Database Design

3.2.5.1. Database Design#

In this section, we’ll explore the fundamentals of database design in the SQL world.

At a high level, an SQL database can be thought of as a collection of tables stored together in a structured format. Each table has columns with fixed data types and rows representing individual records. Tables can also have defined relationships between them, allowing us to model complex, real-world data.

Table#

A SQL table is a structure used to store tabular data. Each:

Row represents a single record (observation)
Column represents a feature (field) with a defined data type
Columns may also have constraints like NOT NULL, UNIQUE, or PRIMARY KEY to enforce data integrity

Keys#

A pivotal concept in SQL is the idea of keys. Keys are used to uniquely identify rows in a table and define relationships between tables. There are several types of keys, each serving a specific purpose.

Primary Key#

A primary key is a column (or a set of columns) that uniquely identifies each record in a table. Key characteristics:

Must be unique for every record
Cannot contain NULL values
A table can have only one primary key
Commonly implemented using an id column

The primary key is often an auto-incrementing integer (INTEGER PRIMARY KEY AUTOINCREMENT in SQLite) or a UUID. While it’s possible to use strings as primary keys (like usernames or email addresses), numeric keys are usually more efficient.

Candidate Key#

A candidate key is any column (or set of columns) that can uniquely identify a record. Among all candidate keys, one is chosen as the primary key. Others remain as theoretical alternatives.

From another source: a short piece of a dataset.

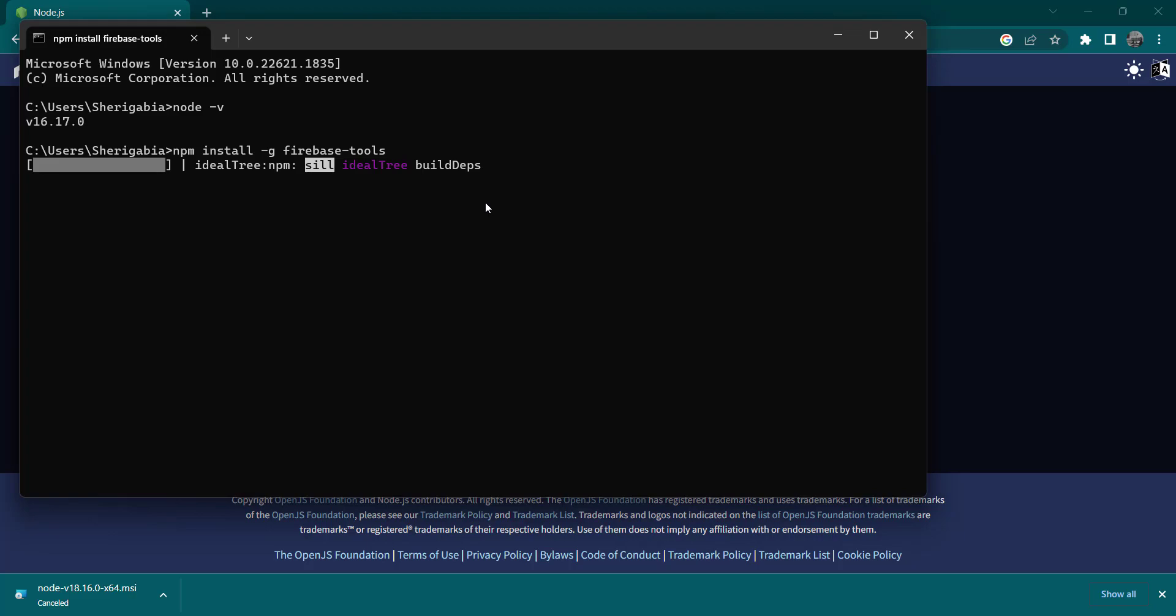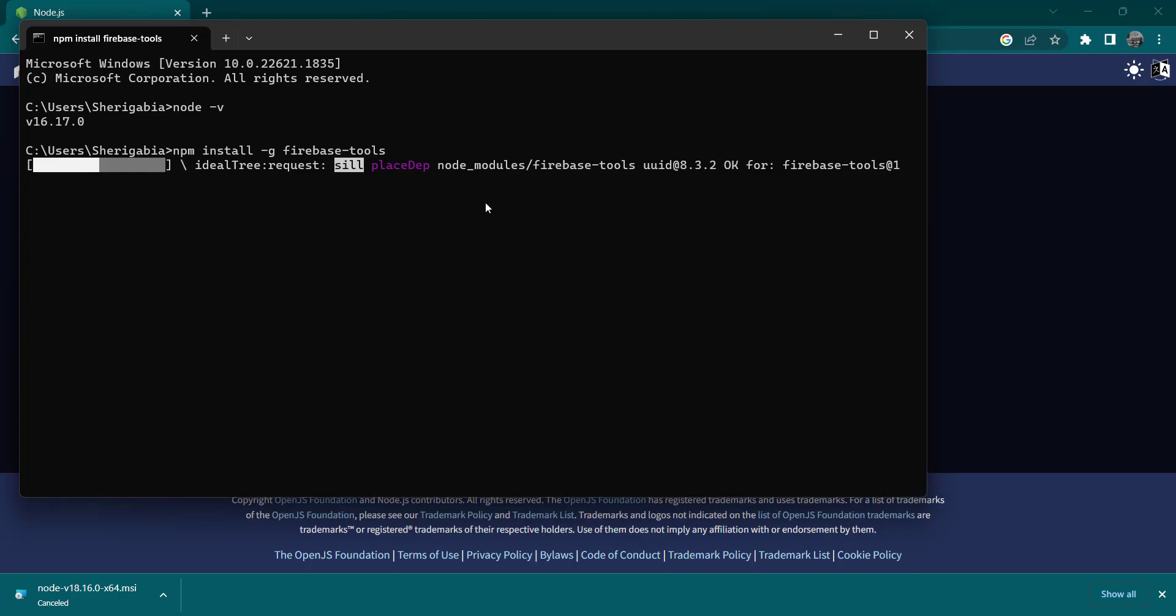Now after this is installed, we can go ahead to log into our Firebase account and then set up the hosting and create the cloud functions and all those other good stuff. This will take a little bit of time, so I don't want to be spending too much time on the installation part. I'm going to fast forward this video and I'll come back when everything is set.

There is no SQL syntax to explicitly declare candidate keys - it’s a design concept rather than a database directive.

Example:#

Imagine a users table with:

user_id (unique system-generated ID)
email (unique, required for login)
phone (unique for verification)

All three can uniquely identify a user, so they are candidate keys. One (e.g., user_id) is chosen as the primary key.

Foreign Key#

A foreign key is a column in one table that refers to the primary key of another table. Foreign keys create relationships between tables and are essential for maintaining referential integrity.

They help model relationships such as:

One-to-many: One department has many employees
Many-to-one: Many orders belong to one customer
Many-to-many: Students enrolled in multiple courses (via a join table)

Normalization#

Normalization is the concept that helps reduce data redundancy and ensure data consistency.
It is based on the principle of having a single source of truth for each piece of information, and referring to that true value via links (foreign keys) instead of duplicating it.

Let’s look at an example.

A university has a list of professors.
Think of this as a table called Professors with each row containing details like:

Name
Age
Department

There is also another table that logs which professor taught which course in each semester.
This table stores details such as:

Course name
Semester
Year
Professor name

Imagine that Professor John Smyth had a typo in his name. Later, the Professors table is corrected to John Smith.
However, in the course_professor table, the old name John Smyth remains unchanged.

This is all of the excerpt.